C++ – Why Accessing Elements of a Huge Dynamically Allocated Structure is Slower

I am doing C++ programming in Ubuntu and really care about the efficiency of my code. The computer that I work with has 32 GB of RAM and the compilation is done with the C++11 option. I noticed that for a very large dynamically allocated array such as my_array_1 in the following code, accessing elements occur significantly slower than a [relatively] small arrays such as my_array_2. I tested that with structures, but I would suspect this is true for any type of large variables (??). See this code as an example:

#define NT 100000

typedef struct {
  float ind_1[4096];
  float ind_2[4096];
  int n;
} ind_vec; // 32 KB

// .....

ind_vec *my_array_1; // a huge struct
int *my_array_2; // a small vector

my_array_1 = new ind_vec[NT]; // about 3 GB
my_array_2 = new int[NT]; // about 400 KB

for(int i = 0; i<100; i++){ // This loop is slow!
  // I don't involve ind_1 and ind_2 for now
  my_array_1[i].n = 1; 
}

for(int j = 0; j<100; j++){ // This loop is fast!
  my_array_2[j] = 1;
}

delete[] my_array_1;
delete[] my_array_2;

As I indicated in the code, the 1st loop is much slower than the 2nd one (on the order of 1000 times). Exact timing of each loop was done through a simple function using gettimeofday (not shown here)

Q1) I'd assume that these two loops both effectively do the same job (form the computer's perspective) through the same approach.

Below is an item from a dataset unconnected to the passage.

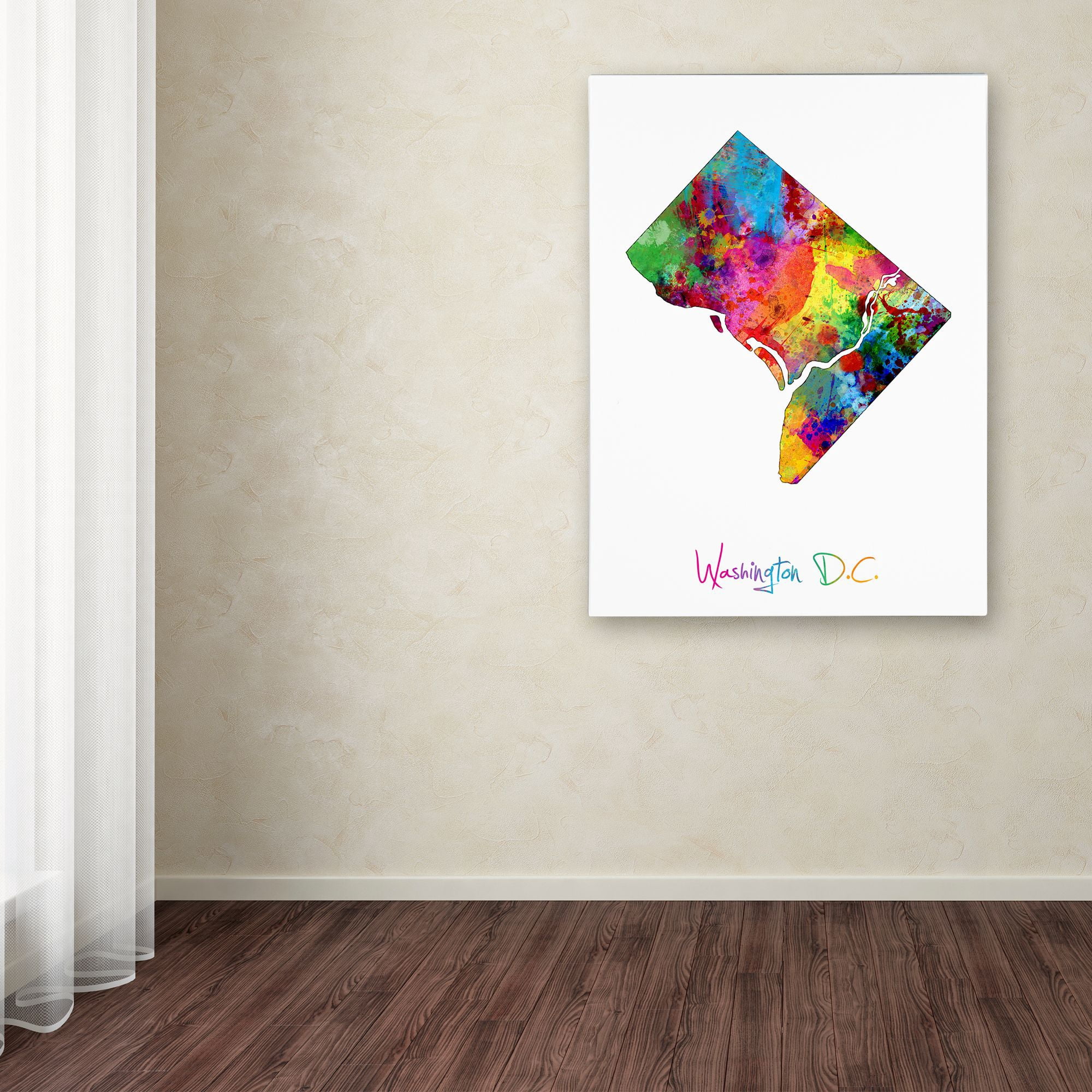 Trademark Fine Art "Washington DC, District of Columbia Map" Canvas Art by Michael Tompsett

Is the performance difference because my_array_2 is allocated on heap while my_array_1 is perhaps allocated somewhere else (I don't know where)?

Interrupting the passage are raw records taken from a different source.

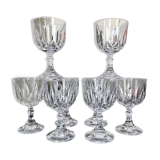 Verres vintage en cristal taillé - verres à eau ou vin - service - verres à pied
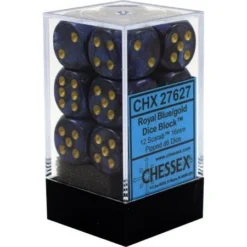 Chessex : 16mm D6 Set Royal Blue/Gold Gaming Accessories
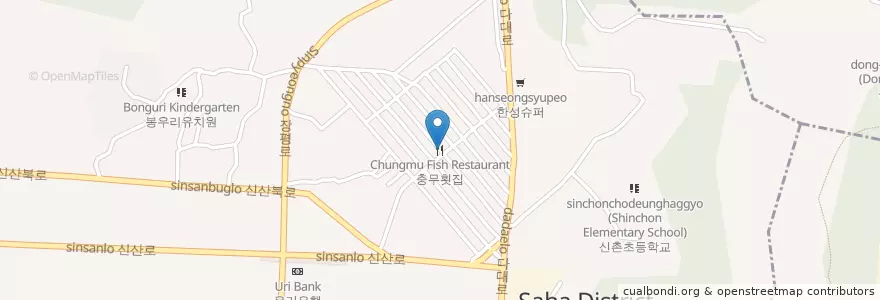 Mapa de ubicacion de Chungmu Fish Restaurant en South Korea, Busan, Saha-Gu, Sinpyeong-Dong.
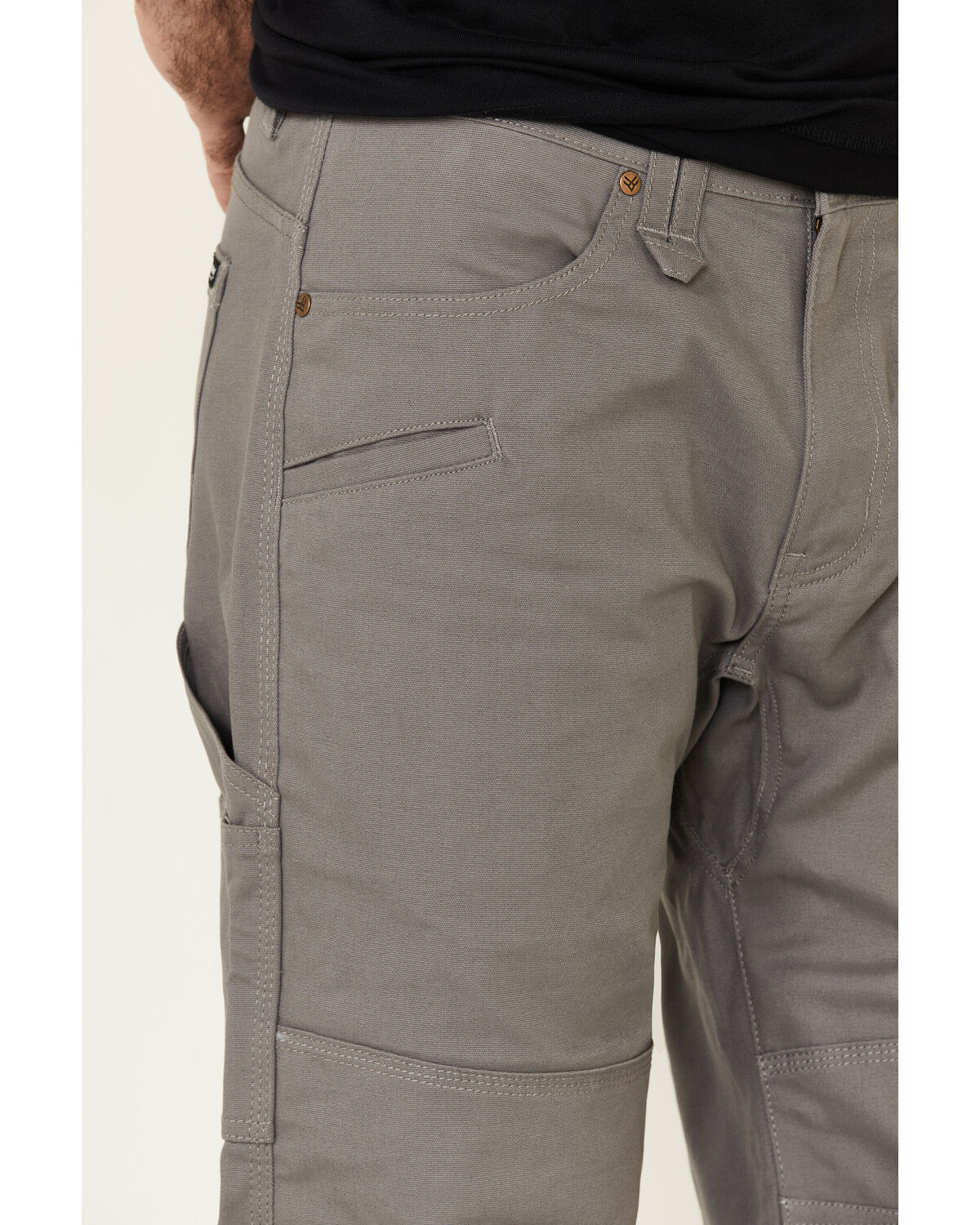 Image #5 - Hawx Men's Steel Stretch Canvas Work Pants, Steel, hi-res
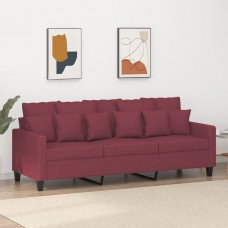 Trīsvietīgs dīvāns, vīnsarkans audums, 180 cm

Q2) Is there any workaround here?

Best Answer

You have some very good answers on the topic here

Generally, your struct is probably too big for the CPU cache, so probably parts of it end up in L2 cache or in RAM memory, which is significantly slower than L1 cache, hence performance issues. You might want to try and do some profiling and find out exactly what is going on. If you do, I would very much like to read the results.

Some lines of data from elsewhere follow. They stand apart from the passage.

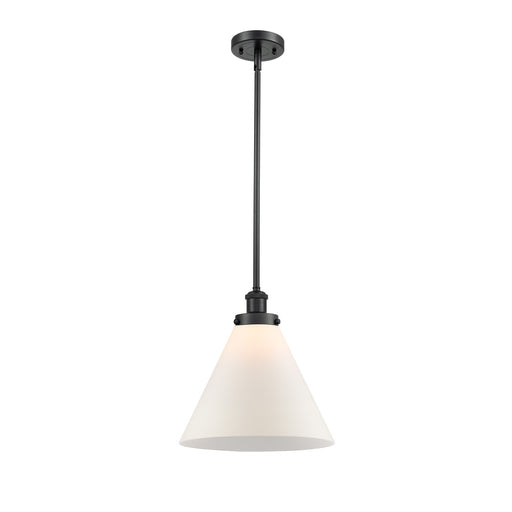 Innovations Cone 12in 1-Light LED Mini Pendant | Industrial Matte Black Steel and Matte White Frosted Glass | Kitchen Island & | Model 916-1S-BK-G41-L-LED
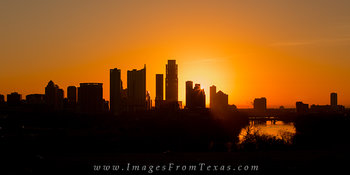 Sunrise Silhouette over Austin, Texas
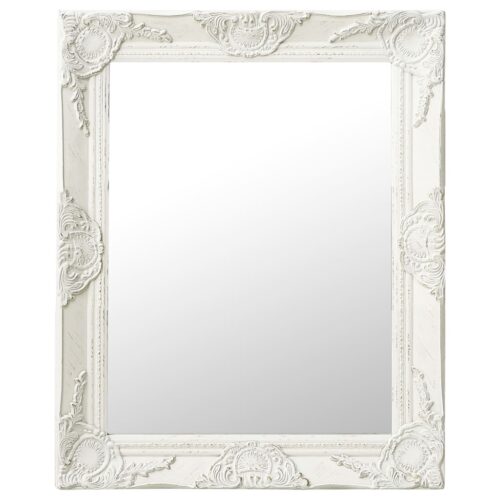 Wall Mirror Baroque Style 50x60cm White - Image 2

If you are striving for performance, ask yourself why do you need a struct with two arrays of that size? Could you achieve similar performance if you just had int pointers, and then allocate the arrays dynamically as needed? Could you simply lose the struct and handle the members independently? I know the last approach is very ugly, but when performance is the ultimate request, some sacrifices in code readability must be made.